There is no dispute over the basis of recognition, Gap evidence 1, Eul evidence 2-1 through 6, Eul evidence 5-1, 2, Eul evidence 1-6-1 through 3, Gap evidence 7 through 10, 2, Gap evidence 11-1 through 5, Gap evidence 12, Gap evidence 15-1 through 3, Gap evidence 17, Gap evidence 18-1 through 3, Eul evidence 19-1 through 4, Eul evidence 19-1 through 4, Eul evidence 1-3, Eul evidence 6, Eul evidence 7-1 and 2, the purport of the whole pleadings, and the purport of the whole arguments.

D. Determination

(1) As a matter of principle, the fact of donation of property, which is a requirement for the imposition of gift tax, is a matter of proof by the tax authority. If a person has a certain occupation and a considerable amount of income at the time of acquisition of property, or a person who actually had a substantial income therefrom, barring any special circumstance, the portion of the fund for acquisition of the property, which was not presented clearly cannot be deemed to have been donated to another person, barring any special circumstance (see, e.g., Supreme Court Decision 2003Du10732, Apr. 16, 2004)

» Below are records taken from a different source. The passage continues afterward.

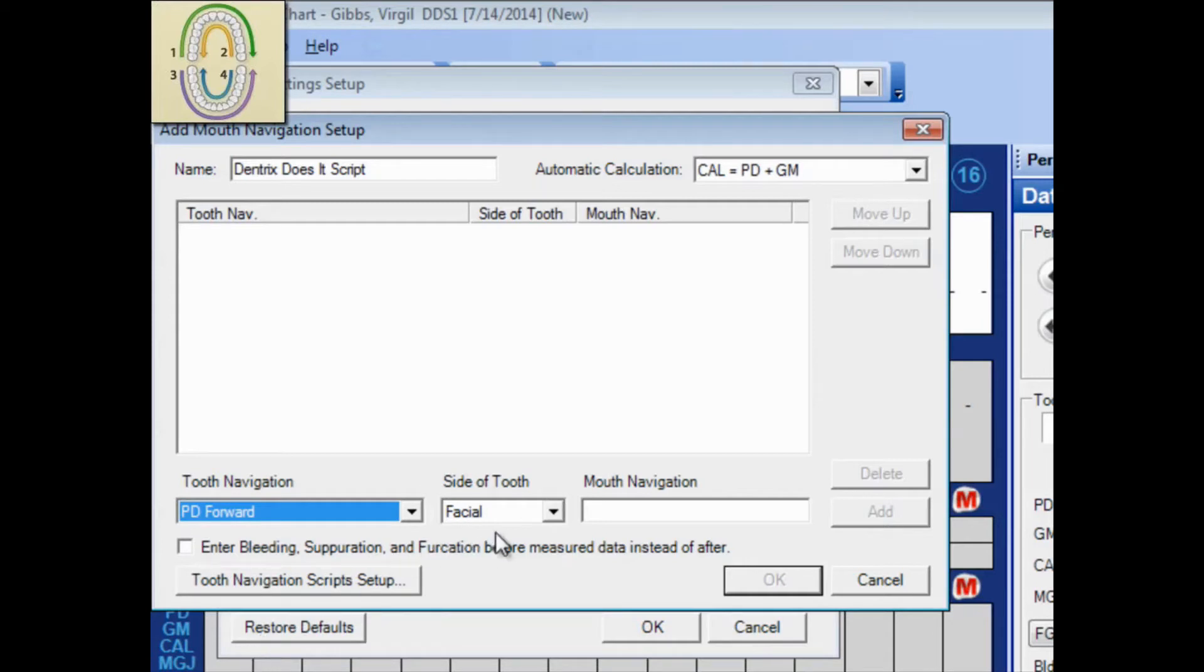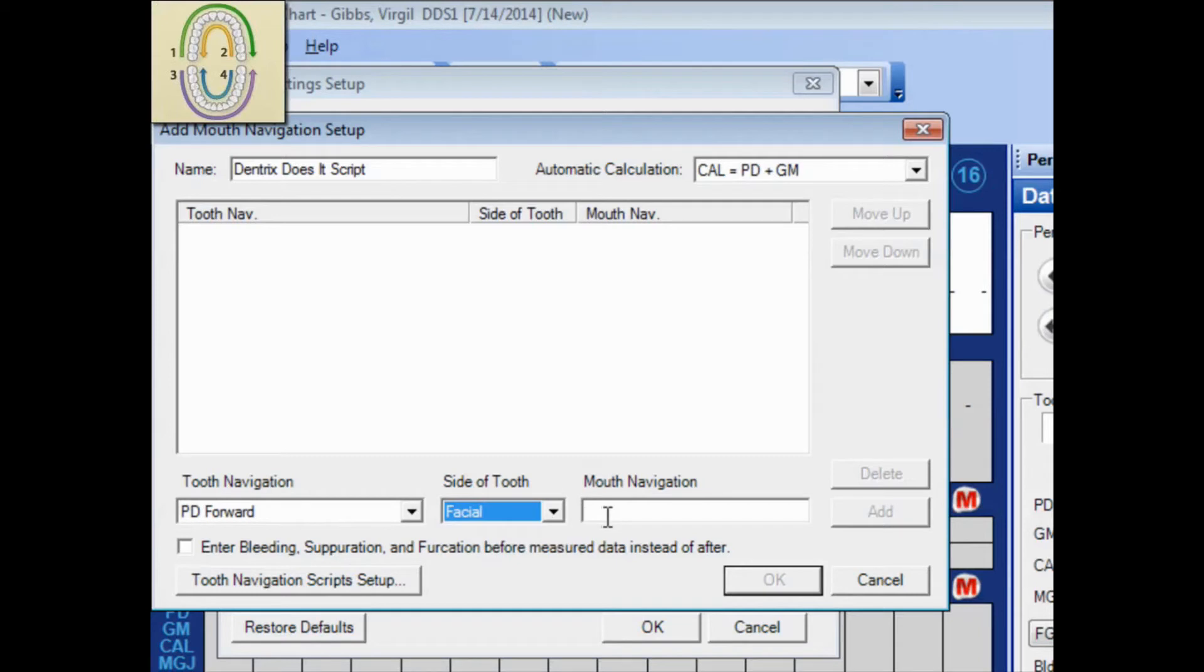I'm checking the facial side of the mouth. And I'm beginning with tooth number 1, and moving to tooth 16. And then click Add.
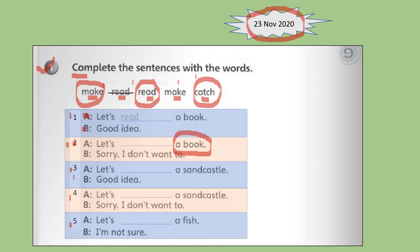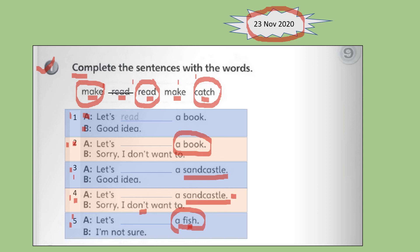Number three: Let's blank a sand castle. If you are not sure what a sand castle is, you can open your textbook page 106 to find out. Number four is also about a sand castle. And for number five: Let's blank a fish — ikan. You have to find out the correct answer and write down the answer for each question.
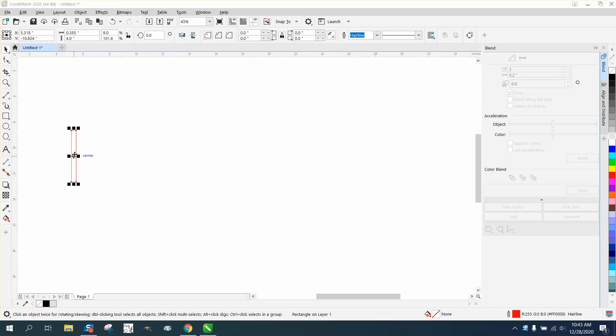So I've made a rectangle, doesn't really matter what size it is. I'm going to Control+D and make a duplicate of it, and I'm going to move it over pretty far.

(2) Examining the instant case in light of the following: (a) 11 bonds out of the stores where the instant real estate is located are owned by ○○○ and ○○○○○○○; (b) 2111 are owned by the Plaintiff; (c) ○○○○○ and ○○○○○○○○○; (d) the Plaintiff was a kys of Cho○○○; (c) the computerized data of the National Tax Service was merely KRW 184,817,000 from the year 1983 to the year 2003; and (c) part of the amount paid by the Plaintiff as down payment was the funds of ○○○○, etc., it was found that the Plaintiff was not an actual business entity of 6 ○○○○○○○○○○ and ○○○○○○○○○○○; (c) it was difficult to readily conclude that the Plaintiff received donations from 00,000 won to 201, 3075,20757.

3. Conclusion

Therefore, each disposition of this case is unlawful, and the plaintiff's claim seeking its revocation is reasonable, so it is decided as per Disposition by admitting it.